The jurist cautioned against an overly broad application of the decision, saying:
“To be clear, we do not hold that the exterior areas of all privately owned amusement parks or similar privately owned venues are public fora for free expression under California law. Each case is of course unique, and each turns on its particular facts. We merely hold on the undisputed facts here that Park Management may not ban expressive activity in the non-ticketed, exterior areas of Six Flags Discovery Kingdom.”
In a portion of the opinion not certified for publication, the appeals court rejected the contention by Cuviello, who represented himself on appeal, that his demonstrating at Discovery Kingdom from four to six times a year for several years created a prescriptive easement. Stewart pointed out that a prescriptive easement requires a showing of “continuous” use but which, she said, has been interpreted to mean other than a constant use, but only a use as “needed.”

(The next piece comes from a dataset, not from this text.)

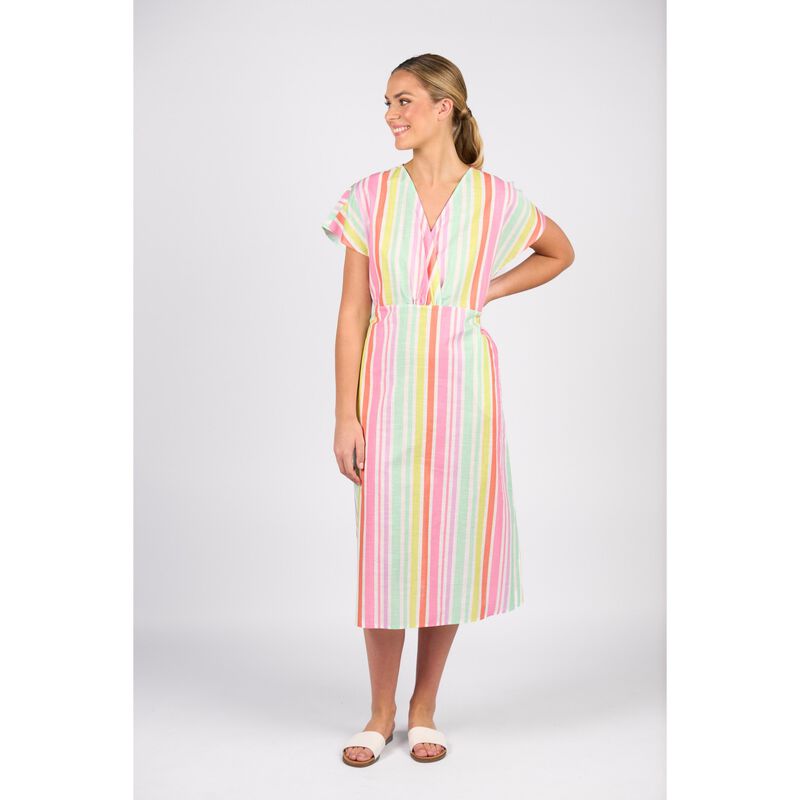 Vassalli Drop Shoulder Dress With Wrap Bodice And Side Pockets image number 3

She provided this discussion:
“[W]e are not persuaded that six times a year is sufficient as a matter of law without some explanation for the frequency of the demonstrations. Indeed, given the size of this park and the sheer number of people it attracts, who is to say that 100 times a year would be enough to effectively convey Cuviello’s message? Conversely, what about once a year? Without any evidence illuminating the reasons Cuviello chose to protest there as infrequently as he did in order to advance his message (and not more frequently), we cannot say he satisfied the continuous use requirement as a matter of law. Accordingly, he has failed to demonstrate that he was entitled to a judgment in his favor that he acquired a prescriptive right to protest there on the basis of the undisputed facts presented in the trial court.”
The case is Park Management Corp. v. Cuviello, 2019 S.O.S. 2923.